Le contexte n’est pas des plus favorables si l’on considère la guerre des droits de douane déclenchée par Trump. Les tensions très vives entre les États-Unis et la Chine, les droits de douane déjà imposés sur les biens exportés vers les États-Unis par le reste du monde et le climat de rivalité commerciale avec l’UE ont fait naître la crainte d’une hausse des prix partout, qui ne pourrait que s’aggraver.
Un conflit, avec l’implication des États-Unis en soutien à Israël, accroît l’incertitude quant à la reprise économique mondiale et à l’orientation de la politique monétaire. Une hypothétique flambée des prix bloquerait-elle la politique accommodante des banques centrales ? La question reste ouverte, avec pour conséquence un affaiblissement de l’économie, alors même qu’elle peine à se redresser.
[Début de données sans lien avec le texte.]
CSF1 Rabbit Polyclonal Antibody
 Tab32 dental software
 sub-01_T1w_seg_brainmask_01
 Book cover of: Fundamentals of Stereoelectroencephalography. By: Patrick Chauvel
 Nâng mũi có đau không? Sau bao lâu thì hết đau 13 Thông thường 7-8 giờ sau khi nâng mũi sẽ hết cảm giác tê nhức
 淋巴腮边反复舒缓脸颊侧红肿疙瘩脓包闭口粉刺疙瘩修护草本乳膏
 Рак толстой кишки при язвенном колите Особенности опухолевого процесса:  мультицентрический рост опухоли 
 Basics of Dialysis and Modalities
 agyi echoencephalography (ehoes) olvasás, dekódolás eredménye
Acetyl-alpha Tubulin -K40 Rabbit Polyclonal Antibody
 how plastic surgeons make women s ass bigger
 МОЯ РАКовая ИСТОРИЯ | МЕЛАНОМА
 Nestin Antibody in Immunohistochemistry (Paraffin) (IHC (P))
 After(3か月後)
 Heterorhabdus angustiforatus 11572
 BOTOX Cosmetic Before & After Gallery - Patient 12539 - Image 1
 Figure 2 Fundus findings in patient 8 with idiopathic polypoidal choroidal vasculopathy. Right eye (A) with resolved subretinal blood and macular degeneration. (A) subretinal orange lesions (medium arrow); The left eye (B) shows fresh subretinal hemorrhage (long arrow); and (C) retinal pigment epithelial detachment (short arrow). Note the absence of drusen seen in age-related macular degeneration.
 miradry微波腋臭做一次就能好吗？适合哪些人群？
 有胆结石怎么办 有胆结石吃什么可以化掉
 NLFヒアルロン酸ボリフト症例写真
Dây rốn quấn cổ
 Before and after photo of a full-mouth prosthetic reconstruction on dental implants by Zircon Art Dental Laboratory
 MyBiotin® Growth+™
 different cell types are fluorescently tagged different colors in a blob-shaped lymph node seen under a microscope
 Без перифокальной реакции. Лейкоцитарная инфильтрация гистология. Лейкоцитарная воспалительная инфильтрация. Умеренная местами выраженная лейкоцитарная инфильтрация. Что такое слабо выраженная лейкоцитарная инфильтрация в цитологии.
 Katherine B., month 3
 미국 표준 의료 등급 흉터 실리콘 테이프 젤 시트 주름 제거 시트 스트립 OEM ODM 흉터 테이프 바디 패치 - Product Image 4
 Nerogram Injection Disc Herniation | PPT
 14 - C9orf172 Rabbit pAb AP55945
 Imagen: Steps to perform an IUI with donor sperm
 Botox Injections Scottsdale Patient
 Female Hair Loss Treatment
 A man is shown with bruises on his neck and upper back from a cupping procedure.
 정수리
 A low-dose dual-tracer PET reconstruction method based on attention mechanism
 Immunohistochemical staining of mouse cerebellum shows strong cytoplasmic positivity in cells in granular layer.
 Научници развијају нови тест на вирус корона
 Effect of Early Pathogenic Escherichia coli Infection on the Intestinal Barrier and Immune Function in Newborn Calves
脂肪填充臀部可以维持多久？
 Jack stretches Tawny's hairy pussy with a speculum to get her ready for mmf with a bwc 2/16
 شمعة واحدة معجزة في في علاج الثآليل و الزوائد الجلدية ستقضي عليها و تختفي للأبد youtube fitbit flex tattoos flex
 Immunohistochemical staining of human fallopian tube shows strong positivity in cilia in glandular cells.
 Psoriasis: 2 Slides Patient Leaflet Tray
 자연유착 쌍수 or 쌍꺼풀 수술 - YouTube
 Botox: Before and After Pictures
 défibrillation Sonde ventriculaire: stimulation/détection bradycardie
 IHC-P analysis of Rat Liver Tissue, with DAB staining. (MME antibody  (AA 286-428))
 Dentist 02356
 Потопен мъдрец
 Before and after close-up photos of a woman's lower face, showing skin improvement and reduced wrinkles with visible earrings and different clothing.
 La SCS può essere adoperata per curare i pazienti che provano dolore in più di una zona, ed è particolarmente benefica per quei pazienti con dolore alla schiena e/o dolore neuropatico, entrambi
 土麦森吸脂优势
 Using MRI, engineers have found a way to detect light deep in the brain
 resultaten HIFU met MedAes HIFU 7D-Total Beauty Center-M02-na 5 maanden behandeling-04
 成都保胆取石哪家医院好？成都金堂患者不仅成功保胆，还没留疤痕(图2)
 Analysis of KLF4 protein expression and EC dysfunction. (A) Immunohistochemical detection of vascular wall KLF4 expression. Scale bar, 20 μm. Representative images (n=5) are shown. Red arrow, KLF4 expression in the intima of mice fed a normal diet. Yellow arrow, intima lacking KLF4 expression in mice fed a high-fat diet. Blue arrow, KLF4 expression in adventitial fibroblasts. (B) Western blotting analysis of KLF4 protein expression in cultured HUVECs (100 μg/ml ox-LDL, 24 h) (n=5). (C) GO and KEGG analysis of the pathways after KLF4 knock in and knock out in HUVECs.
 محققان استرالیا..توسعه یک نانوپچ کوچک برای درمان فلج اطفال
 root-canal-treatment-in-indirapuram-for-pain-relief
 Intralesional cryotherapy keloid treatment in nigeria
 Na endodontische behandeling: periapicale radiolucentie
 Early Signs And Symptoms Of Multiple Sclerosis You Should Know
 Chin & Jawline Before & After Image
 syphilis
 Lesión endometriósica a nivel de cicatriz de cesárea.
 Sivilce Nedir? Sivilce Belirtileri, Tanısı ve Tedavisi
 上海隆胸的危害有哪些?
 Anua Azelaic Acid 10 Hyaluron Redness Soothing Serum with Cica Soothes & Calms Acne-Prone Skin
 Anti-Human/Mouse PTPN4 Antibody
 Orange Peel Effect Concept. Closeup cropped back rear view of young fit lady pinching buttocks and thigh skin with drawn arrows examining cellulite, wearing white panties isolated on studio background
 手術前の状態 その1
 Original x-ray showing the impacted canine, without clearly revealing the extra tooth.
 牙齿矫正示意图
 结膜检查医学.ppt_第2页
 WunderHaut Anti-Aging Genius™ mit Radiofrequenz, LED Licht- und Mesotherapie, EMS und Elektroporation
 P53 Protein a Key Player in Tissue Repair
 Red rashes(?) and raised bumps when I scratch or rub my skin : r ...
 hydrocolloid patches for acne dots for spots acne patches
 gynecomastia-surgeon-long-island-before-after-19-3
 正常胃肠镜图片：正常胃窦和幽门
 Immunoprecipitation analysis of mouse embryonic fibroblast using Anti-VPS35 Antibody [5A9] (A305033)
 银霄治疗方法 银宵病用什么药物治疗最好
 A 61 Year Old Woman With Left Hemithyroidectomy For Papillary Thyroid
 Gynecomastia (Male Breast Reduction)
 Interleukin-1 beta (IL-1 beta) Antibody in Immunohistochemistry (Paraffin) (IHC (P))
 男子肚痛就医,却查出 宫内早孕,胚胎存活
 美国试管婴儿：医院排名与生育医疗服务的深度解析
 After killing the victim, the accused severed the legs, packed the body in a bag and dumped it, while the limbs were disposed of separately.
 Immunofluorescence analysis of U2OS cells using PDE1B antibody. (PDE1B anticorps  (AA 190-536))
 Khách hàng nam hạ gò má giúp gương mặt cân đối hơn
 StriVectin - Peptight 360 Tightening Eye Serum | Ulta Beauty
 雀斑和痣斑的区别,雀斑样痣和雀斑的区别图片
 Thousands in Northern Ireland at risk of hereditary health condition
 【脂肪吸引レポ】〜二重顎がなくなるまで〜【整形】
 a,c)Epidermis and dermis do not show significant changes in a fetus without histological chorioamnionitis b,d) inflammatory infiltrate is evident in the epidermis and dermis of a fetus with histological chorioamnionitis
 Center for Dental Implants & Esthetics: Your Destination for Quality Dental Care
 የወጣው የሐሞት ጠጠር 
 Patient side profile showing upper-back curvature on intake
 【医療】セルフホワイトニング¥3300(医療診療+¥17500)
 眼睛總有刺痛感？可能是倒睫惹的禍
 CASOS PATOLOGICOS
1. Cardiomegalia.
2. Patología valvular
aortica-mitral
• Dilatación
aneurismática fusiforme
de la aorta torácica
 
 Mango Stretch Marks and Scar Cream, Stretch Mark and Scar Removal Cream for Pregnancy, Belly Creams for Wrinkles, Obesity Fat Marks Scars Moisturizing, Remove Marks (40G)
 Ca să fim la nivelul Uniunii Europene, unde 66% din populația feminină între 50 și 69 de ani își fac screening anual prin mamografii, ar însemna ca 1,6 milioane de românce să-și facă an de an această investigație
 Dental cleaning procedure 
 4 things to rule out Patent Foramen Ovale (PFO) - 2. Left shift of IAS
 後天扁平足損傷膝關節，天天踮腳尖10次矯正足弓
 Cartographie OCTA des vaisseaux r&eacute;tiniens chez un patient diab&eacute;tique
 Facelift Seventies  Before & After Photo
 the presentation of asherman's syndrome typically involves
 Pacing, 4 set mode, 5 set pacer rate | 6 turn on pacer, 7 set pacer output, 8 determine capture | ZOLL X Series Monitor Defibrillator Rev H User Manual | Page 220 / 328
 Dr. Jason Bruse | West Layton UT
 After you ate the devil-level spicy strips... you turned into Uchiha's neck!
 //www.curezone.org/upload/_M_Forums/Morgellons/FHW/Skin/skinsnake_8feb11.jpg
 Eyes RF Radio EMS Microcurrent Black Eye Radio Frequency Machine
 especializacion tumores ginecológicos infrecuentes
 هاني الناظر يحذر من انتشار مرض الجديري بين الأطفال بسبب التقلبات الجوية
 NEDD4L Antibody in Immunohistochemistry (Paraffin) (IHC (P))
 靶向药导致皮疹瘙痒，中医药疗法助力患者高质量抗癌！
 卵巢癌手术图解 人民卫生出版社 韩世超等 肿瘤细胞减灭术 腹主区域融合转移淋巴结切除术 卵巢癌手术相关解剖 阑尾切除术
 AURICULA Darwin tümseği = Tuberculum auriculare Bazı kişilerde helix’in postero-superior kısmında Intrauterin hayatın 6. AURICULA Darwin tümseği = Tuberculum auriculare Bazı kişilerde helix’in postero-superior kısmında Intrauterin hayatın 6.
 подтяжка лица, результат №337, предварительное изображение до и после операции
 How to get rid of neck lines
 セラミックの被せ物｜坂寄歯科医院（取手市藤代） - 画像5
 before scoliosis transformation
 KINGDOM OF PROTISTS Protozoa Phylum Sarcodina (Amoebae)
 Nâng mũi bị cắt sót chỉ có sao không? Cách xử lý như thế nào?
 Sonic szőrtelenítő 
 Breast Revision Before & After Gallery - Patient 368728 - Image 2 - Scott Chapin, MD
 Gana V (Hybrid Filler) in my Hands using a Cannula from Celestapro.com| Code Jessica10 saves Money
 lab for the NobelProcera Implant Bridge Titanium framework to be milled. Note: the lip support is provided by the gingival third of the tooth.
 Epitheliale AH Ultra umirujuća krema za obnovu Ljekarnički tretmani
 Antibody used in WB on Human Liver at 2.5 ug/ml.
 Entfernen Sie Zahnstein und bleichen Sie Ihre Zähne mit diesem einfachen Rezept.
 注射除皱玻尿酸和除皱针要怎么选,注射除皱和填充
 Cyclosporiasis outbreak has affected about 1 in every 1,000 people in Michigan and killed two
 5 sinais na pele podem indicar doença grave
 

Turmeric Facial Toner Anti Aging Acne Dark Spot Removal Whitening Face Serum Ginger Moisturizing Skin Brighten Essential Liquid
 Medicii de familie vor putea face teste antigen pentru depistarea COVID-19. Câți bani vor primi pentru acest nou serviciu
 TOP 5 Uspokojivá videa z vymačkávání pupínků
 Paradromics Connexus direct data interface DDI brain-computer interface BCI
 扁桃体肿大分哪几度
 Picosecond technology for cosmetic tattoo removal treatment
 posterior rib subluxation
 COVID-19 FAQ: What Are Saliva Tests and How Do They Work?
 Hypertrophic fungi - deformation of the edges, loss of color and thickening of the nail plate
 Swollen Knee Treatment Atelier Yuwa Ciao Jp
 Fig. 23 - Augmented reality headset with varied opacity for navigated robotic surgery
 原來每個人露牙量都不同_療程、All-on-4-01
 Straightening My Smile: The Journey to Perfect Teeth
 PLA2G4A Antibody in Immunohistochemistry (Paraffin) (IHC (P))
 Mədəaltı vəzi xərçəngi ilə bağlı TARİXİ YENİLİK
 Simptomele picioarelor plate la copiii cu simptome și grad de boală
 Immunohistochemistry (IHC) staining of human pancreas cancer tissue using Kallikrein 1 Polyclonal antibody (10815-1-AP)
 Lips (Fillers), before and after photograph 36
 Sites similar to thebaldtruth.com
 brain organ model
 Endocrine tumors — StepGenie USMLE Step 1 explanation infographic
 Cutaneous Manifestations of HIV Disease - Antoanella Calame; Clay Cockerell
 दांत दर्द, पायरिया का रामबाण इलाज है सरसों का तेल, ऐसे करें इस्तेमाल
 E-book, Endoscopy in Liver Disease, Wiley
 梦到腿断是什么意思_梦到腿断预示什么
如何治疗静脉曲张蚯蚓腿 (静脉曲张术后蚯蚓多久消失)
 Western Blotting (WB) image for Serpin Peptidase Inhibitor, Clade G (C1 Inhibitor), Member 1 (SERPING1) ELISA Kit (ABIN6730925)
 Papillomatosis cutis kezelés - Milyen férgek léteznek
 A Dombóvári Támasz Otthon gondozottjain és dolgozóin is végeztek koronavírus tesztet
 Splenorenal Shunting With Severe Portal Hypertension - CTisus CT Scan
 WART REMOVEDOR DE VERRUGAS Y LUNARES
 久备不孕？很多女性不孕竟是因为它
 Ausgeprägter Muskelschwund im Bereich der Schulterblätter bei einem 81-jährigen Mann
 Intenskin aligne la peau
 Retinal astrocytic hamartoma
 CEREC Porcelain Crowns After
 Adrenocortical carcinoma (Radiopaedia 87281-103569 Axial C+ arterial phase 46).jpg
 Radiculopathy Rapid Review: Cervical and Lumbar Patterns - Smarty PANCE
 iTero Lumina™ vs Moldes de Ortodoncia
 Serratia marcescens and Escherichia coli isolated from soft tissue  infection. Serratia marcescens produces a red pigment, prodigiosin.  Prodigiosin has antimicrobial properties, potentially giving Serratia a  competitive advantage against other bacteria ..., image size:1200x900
4. Séisme sur les marchés financiers
Une guerre ouverte entre Israël et l’Iran, dans un contexte géopolitique crucial comme celui du Moyen-Orient, rendrait les marchés financiers plus incertains et fragiles. Certains signes sont déjà apparus. La plupart des marchés boursiers asiatiques se sont effondrés à l’annonce de l’attaque israélienne.
L’or, le dollar américain, le franc suisse, le yen et les obligations sont généralement des actifs qui bénéficient de gains car ils servent de « refuge » dans les périodes dramatiques telles que celles dominées par les conflits. Les investisseurs se sont en effet rués sur ces actifs, l’or n’étant pas loin de son plus haut niveau historique. Le dollar s’est négocié près de son plus haut niveau en trois semaines par rapport à l’euro.
Un effondrement des actions serait un signal négatif pour l’expansion économique et un frein général aux investissements, car la méfiance dominerait.
« Dans la chaîne des chocs potentiels de volatilité du marché, la géopolitique l’emporte généralement sur l’économie, les bénéfices des entreprises ou la réponse de la banque centrale, en grande partie parce que la plupart des acteurs du marché ne sont pas en mesure d’évaluer le risque lié à ces événements », expliquait Chris Weston, responsable de la recherche chez Pepperstone, il y a quelques mois. Cette théorie reste valable.